Researchers recently completed a study analyzing the crash history and medical records of 49,464 commercial truck drivers. Their results, published in the Journal of Occupational and Environmental Medicine, show that many drivers in Missouri and across the U.S. suffer from health conditions that can lead to accidents.

Of the analyzed drivers, 34 percent had one or more medical conditions that were to blame for poor driving performance in the past. A total of 82 drivers were placed in a high-risk group. The researchers estimated the number of crashes among all drivers to be 29 for every 100 million miles driven. However, the number tripled to 93 crashes for drivers with three or more medical conditions.
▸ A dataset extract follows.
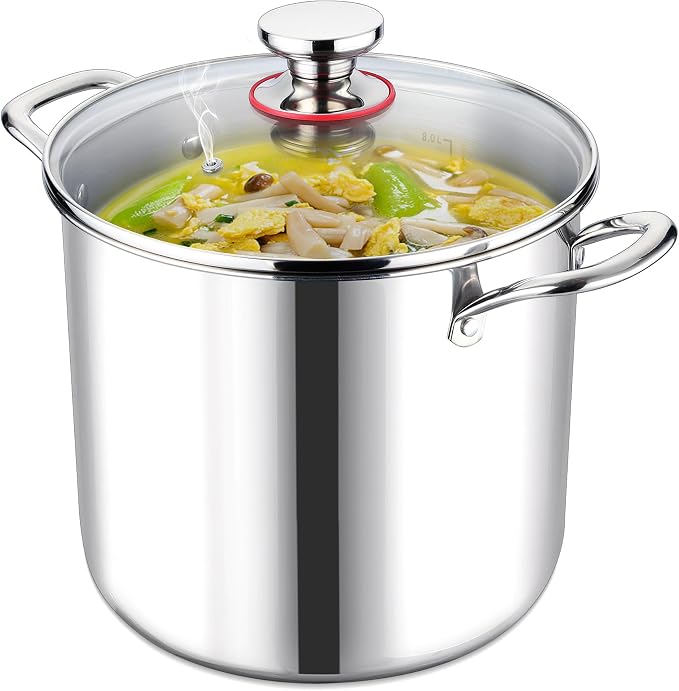 LIANYU 10 Quart Pot with Lid, 10QT Tri-Ply Heavy Duty Stock Pot, 18/10 by LIANYU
Age and driving experience have no noticeable influence on the trend. Truck drivers are known to develop conditions like diabetes, heart disease, and lower back pain because of their lifestyle, which is often characterized by prolonged sitting, irregular sleeping patterns, and difficulty finding places to eat healthy. The problem, the authors of the study believe, is that companies isolate each condition when screening drivers and do not consider how multiple conditions work together to impair health.

This study points out another way that trucking companies could be held liable for certain car accidents. If someone is injured by a trucker who had a medical episode, then he or she may have the grounds to pursue an injury claim. A lawyer could help by determining the degree to which the driver, the company and even the victim is at fault.